So far, we have focused on the functions criminal law fulfills in response to the commission of crime. It is plausible to think, however, that criminal law’s functions include preventing crime from occurring. We can see this by asking what success would look like for the criminal law. Would criminal law have succeeded if all thieves and murderers were tried and punished? Or would it have succeeded if there was no theft or murder, because criminalization resulted in would-be thieves and murderers refraining from such wrongs? Notice that to pose these two questions as alternatives is not to deny that punishment might be justified in preventive terms. It is rather to suggest that resorting to punishment to achieve prevention is already a partial failure for the criminal law. It is a failure to deter those who, ex hypothesi, have already committed criminal offences. Had the creation of those offences been an unqualified success, there would have been nothing for which to punish anyone.

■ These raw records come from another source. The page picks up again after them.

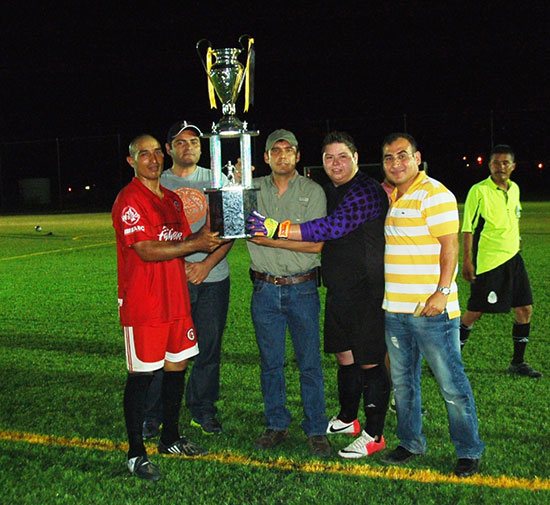 Finaliza liga municipal de futbol premier en Nueva Rosita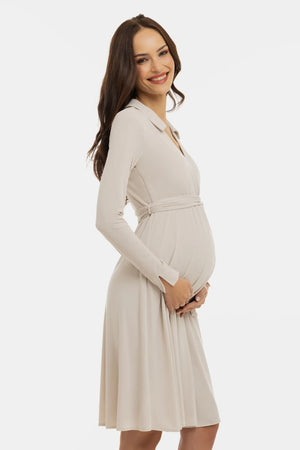 Zwiewna sukienka ciążowa i do karmienia z kopertowym przodem – beżowa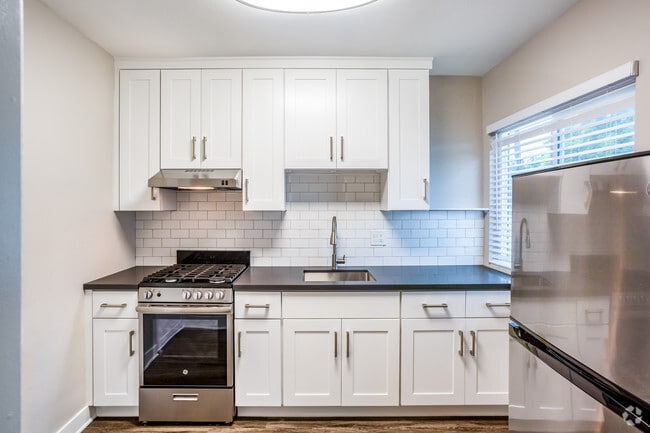 The Island Apartments, Pico Rivera, CA 90660 - photo 2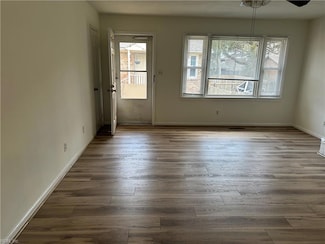 3641 Dupont Cir Unit B, Virginia Beach, VA 23455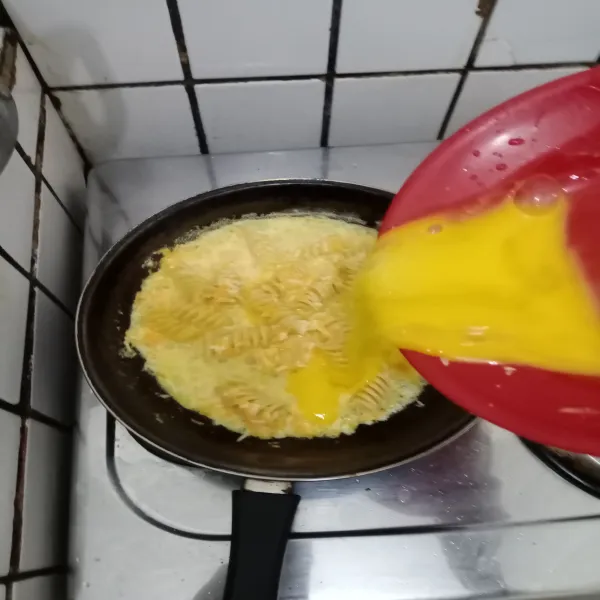 Tuang telur, aduk cepat & rata. Masak sampai mengental.
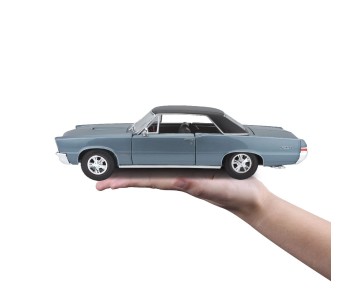 Maisto 1/18 Special Edition 1965 Pontiac GTO (Hurst Edition) (Metallic Blue)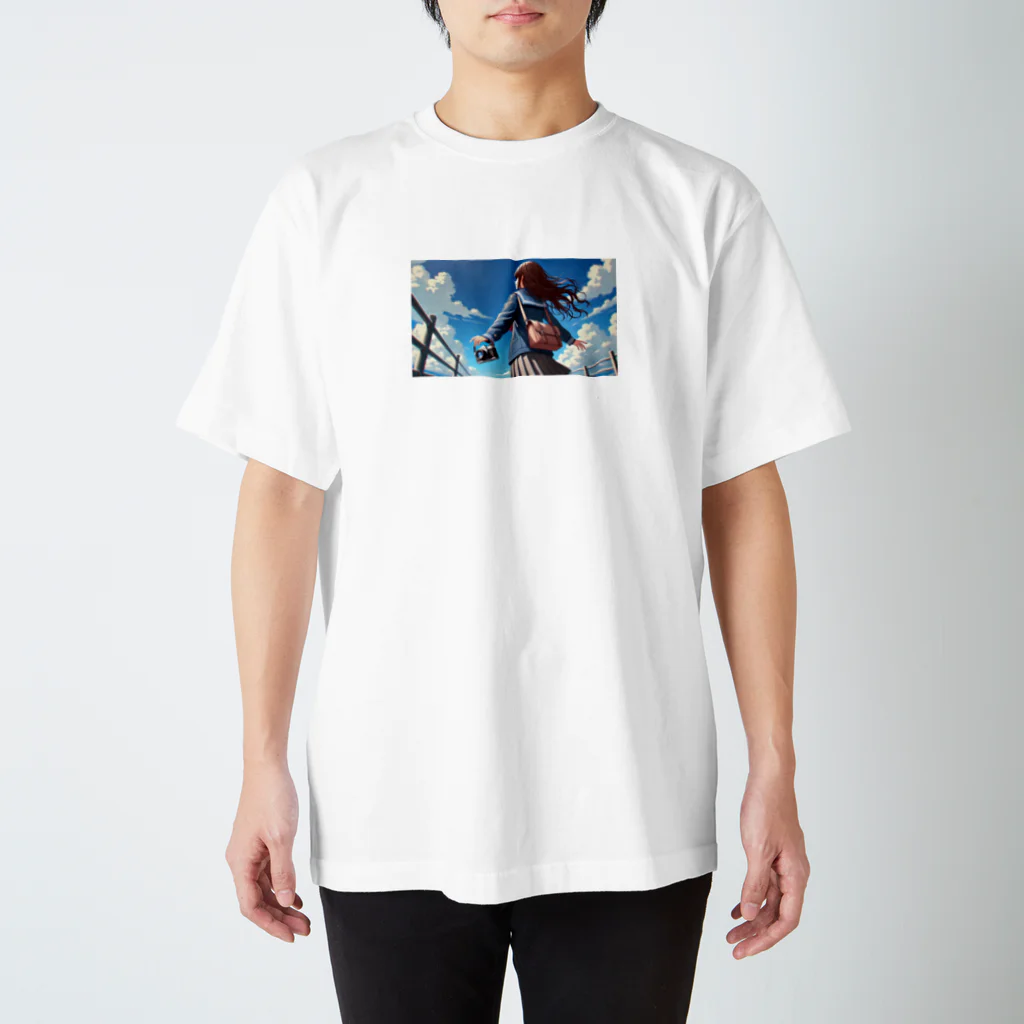kanta のカメラ女子 Regular Fit T-Shirt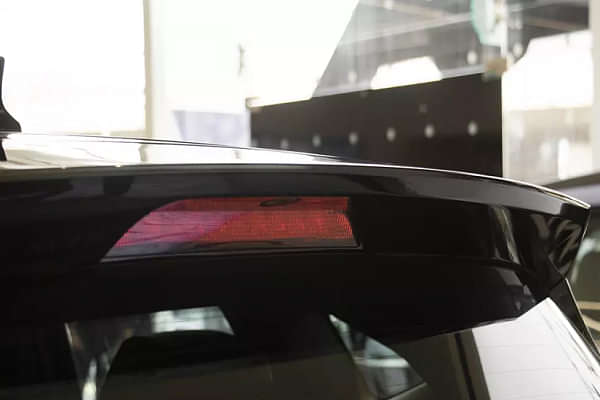 Tata Harrier 2019-2023 Spoiler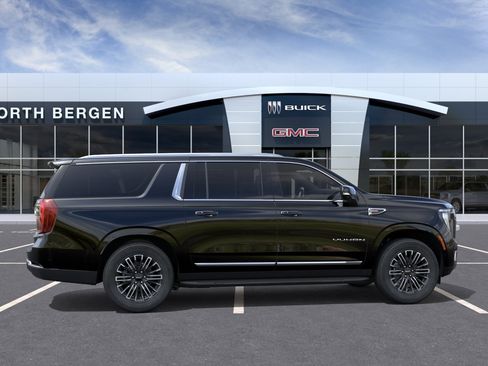 New 2026 GMC Yukon XL Elevation w/ Elevation Premium Package AWD/4WD image 5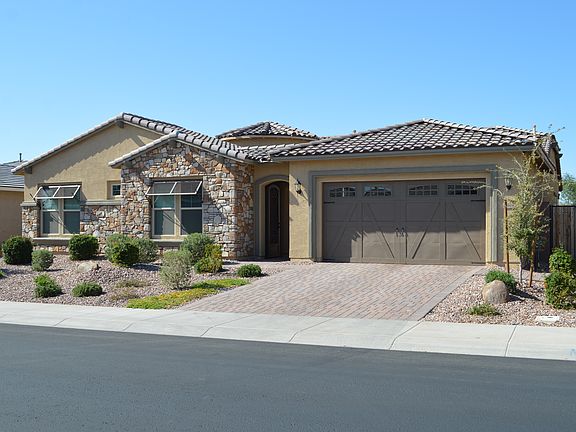 3rd image of 2398 E Susan Dr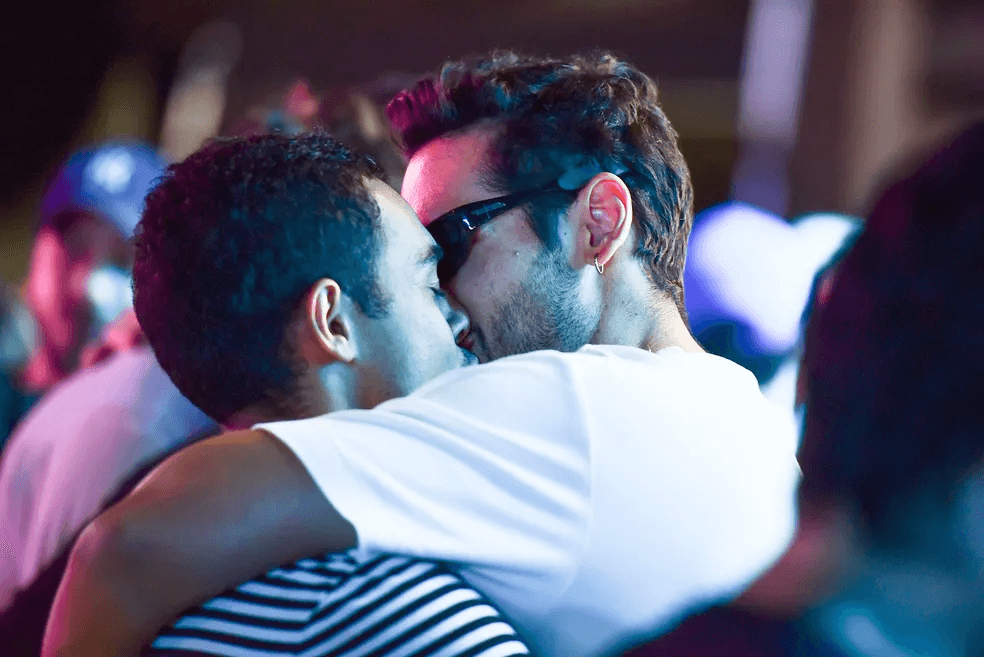 Atores de 'Cara e Coragem' se beijando (Foto: Divulgação) Atores de 'Cara e Coragem' se beijando (Foto: Divulgação)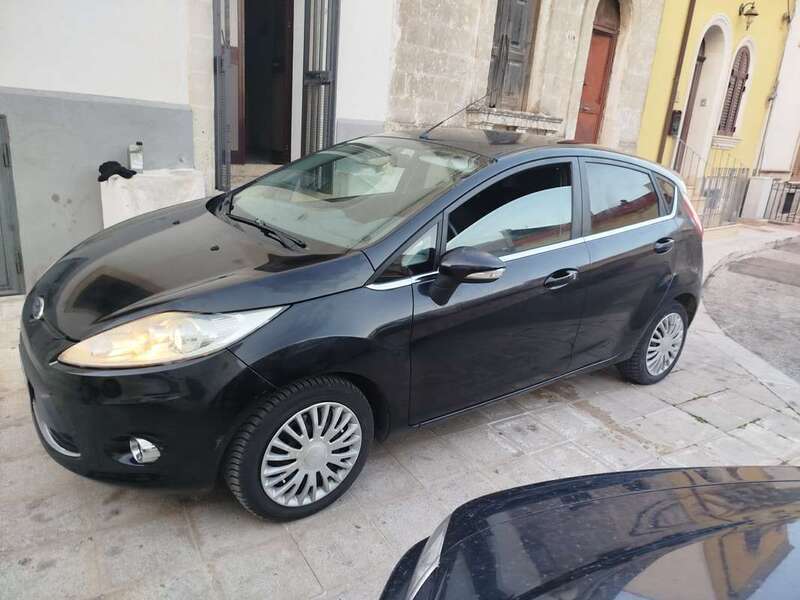 Usato 2010 Ford Fiesta 1.4 LPG_Hybrid 97 CV (5.900 €)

One might hold that criminal law’s sole function is to prevent criminal wrongdoing. Call this the preventive view. Defenders of this view need not say that we should enact whatever laws will achieve the most prevention. That \(X\) is the function of \(Y\) does not entail that we are justified in doing whatever will achieve most of \(X\) with \(Y\). That cutting is the function of knives does not entail that knife-holders are justified in cutting whatever they see. Holders of the preventive view can, in other words, accept the existence of constraints on prevention, that are not themselves justified in preventive terms (Hart 1968, 35–50). What they cannot accept is a positive case for criminal law that is not preventive.

Some hold a mixed view that combines elements of those considered above (Alexander and Ferzan 2009, 3–19; Simester and von Hirsch 2011, 3–18; Tadros 2016, 159–172). One way to construct such a view is by distinguishing between primary and secondary functions. Primary functions are those that, when all else is equal, we have most reason to want the law to fulfil. Secondary functions are those we have reason to want the law to fulfil if it fails to fulfil its primary functions. Criminal law’s primary functions, it is plausible to think, are preventive. Ceteris paribus, we have most reason to want criminal law to bring about a world in which wrongs like theft or murder do not occur. Failing that, we have reason to want criminal law to call thieves and murderers to account, and to punish those who have no adequate account to offer.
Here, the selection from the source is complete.